Segundo o acórdão, publicado nesta segunda-feira (21), o ex-prefeito usou a máquina pública para coagir e adquirir uma propriedade de um casal de idosos por apenas R$ 15 mil.
Coação e uso da máquina pública
O caso teve início em janeiro de 2019, quando o casal foi notificado pela Prefeitura, sob a alegação de que o terreno de 1,1 hectare seria usado para a construção de casas populares. No entanto, o valor pago a título de indenização foi considerado irrisório e as terras acabaram registradas no nome do ex-prefeito.
A defesa de Marcelo de Aquino alegou que o projeto habitacional foi encerrado por falta de recursos e que a dona das terras o procurou com interesse em vender o imóvel, alegando que a oferta de R$ 15 mil era justa.
Contudo, testemunhas relataram à Justiça que o casal não tinha a intenção de vender o imóvel, mas o fez por conta da pressão e insistência exercida pelo ex-prefeito e pelo ex-subsecretário de Terras e Assuntos Fundiários, Claudiney dos Santos.
A desembargadora Anglizey Solivan de Oliveira, relatora do caso, destacou que a vontade dos autores (o casal de idosos), pessoas simples e de baixa renda, foi influenciada pela “autoridade política e administrativa” dos réus.

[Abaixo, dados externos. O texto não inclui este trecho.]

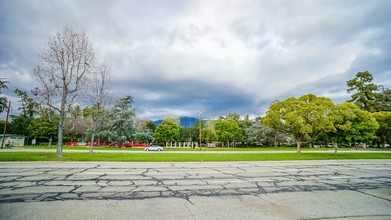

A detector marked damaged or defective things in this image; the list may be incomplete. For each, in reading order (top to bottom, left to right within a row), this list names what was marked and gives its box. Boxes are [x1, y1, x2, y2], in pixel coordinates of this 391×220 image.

cracked asphalt road [0, 161, 391, 219]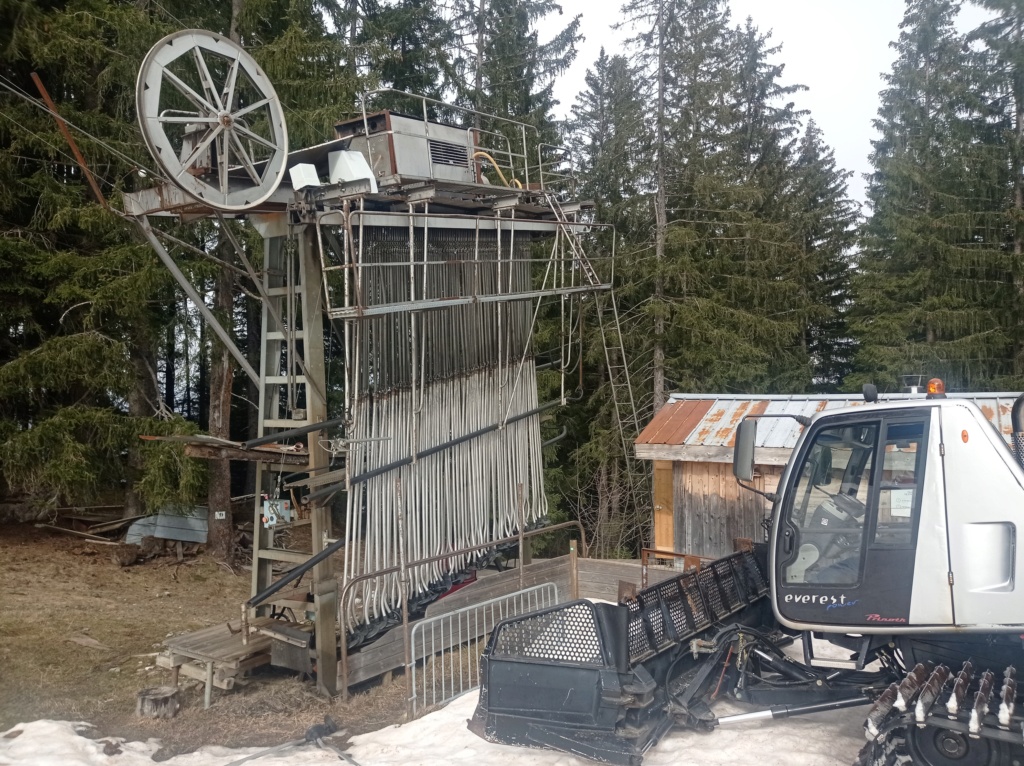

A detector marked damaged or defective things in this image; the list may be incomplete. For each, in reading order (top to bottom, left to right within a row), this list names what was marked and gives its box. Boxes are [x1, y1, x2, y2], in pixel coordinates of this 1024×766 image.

rusty corrugated metal roof [634, 391, 1019, 452]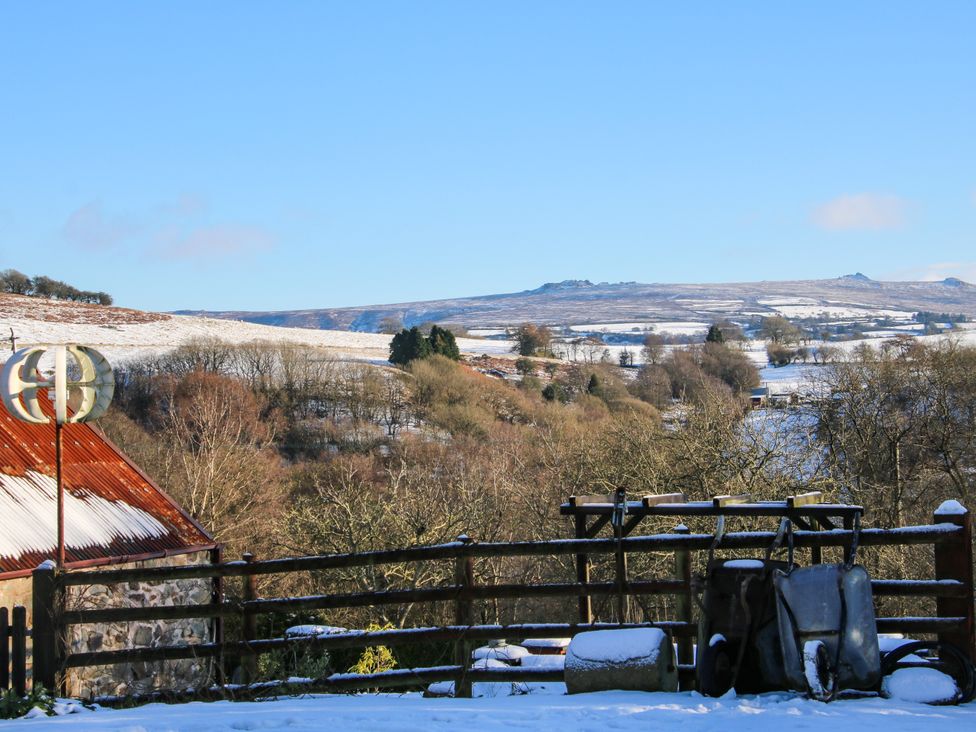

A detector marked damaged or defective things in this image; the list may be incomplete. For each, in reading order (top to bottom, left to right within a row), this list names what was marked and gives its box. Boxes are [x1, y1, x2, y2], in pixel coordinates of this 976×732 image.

rusted metal roof [0, 388, 214, 576]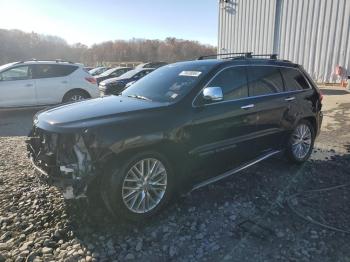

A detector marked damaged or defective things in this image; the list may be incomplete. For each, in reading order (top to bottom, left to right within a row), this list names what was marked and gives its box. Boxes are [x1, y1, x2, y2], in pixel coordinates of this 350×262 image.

crumpled hood [34, 95, 167, 133]
damaged front bumper [26, 127, 97, 199]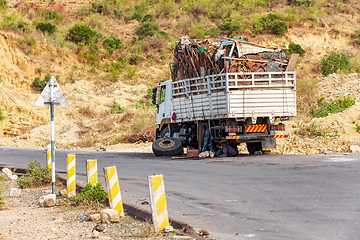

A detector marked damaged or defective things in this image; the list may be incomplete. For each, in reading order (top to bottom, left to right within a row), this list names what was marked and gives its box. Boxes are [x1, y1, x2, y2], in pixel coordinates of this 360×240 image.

Diante do cenário, a Justiça decretou a nulidade do contrato e da procuração utilizada na transação e condenou os réus ao pagamento de uma indenização de R$ 20 mil por danos morais.
Cenário político
Marcelo de Aquino, que está filiado ao PL, é pré-candidato a deputado estadual. Ele tem recebido convites para se filiar ao Podemos, com o apoio do presidente da Assembleia Legislativa de Mato Grosso (ALMT), Max Russi.